I strongly agree with the Prime Minister that there is a pressing need to move towards a fully integrated and competitive energy market in the single market. In particular, the EU needs the powers to take action against monopoly energy providers in markets such as France and Germany. Does he agree that the new Lisbon treaty would give the EU precisely those powers further to liberalise the EU energy market, and that that is just another example of the benefits that the treaty would bring the British economy, which the Conservative party is so keen to deny the British people?

I warmly welcome the Prime Minister’s remarks about co-ordinated action at European level to ensure stability and greater transparency in the financial markets. The reverberations around the global markets today, caused by the news that the US investment bank Bear Stearns is to be taken over at just 2 per cent. of its share value compared with 12 months ago, show how timely the EU’s Council statements are.

It is critical, at a time when liquidity remains so tight for the world’s banks, that steps are now taken to ensure that this does not create an environment where credit is being withdrawn for millions of ordinary people. That is why we must also now pioneer reforms to the system of lending to ensure that we do not find ourselves in a similar position in years to come.

Does the Prime Minister agree that while it is critical that the capital requirements directive be reviewed if we are to prevent a further boom-and-bust cycle in the credit markets, we must be prepared to use levers to control supply as well as demand for credit?
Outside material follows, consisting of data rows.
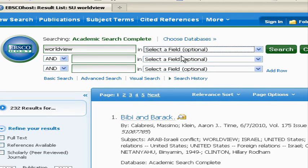By playing around with the subject versus full record search, you can really influence the results and the relevancy of what you find.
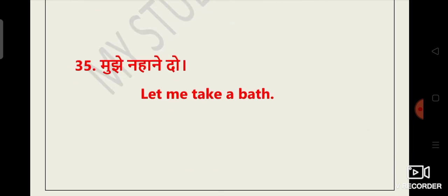Mujhe nahane do. Let me take a bath. Or you can say let me bath. Let me take a bath.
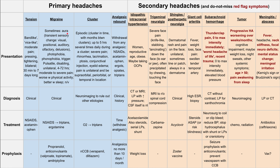Next are three do-not-miss red flag conditions. If somebody presents with a headache, you'll first look for red flag symptoms. One red flag is a thunderclap headache associated with subarachnoid hemorrhage. It's called thunderclap because the pain goes from zero to maximum intensity almost immediately. It's also been described as the worst headache of the patient's life, and it's associated with recent trauma.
The Prime Minister: I am grateful to the right hon. Gentleman. First, may I correct him on VAT? I first raised the issue months ago with our European colleagues; I have been following it up ever since. I am grateful that we now have an agreement to look in detail at whether VAT reductions on matters such as household materials and electrical goods can be beneficial both in encouraging people to use energy-efficient products and in stimulating a market where Europe can benefit in the future. So, he is wrong to say that this was raised only on the day of the Council. We have been pressing our European colleagues on the matter for some time.

I agree with the right hon. Gentleman on the importance that we attach to environmental issues. Again, I have to correct him. Carbon capture and storage is something that we have been pushing right across the EU. There will be 12 demonstration plants, and one of them, we believe, will be in the UK, but we want the European Commission to make it possible for there to be greater incentives so that people will develop carbon capture and storage at a quicker rate.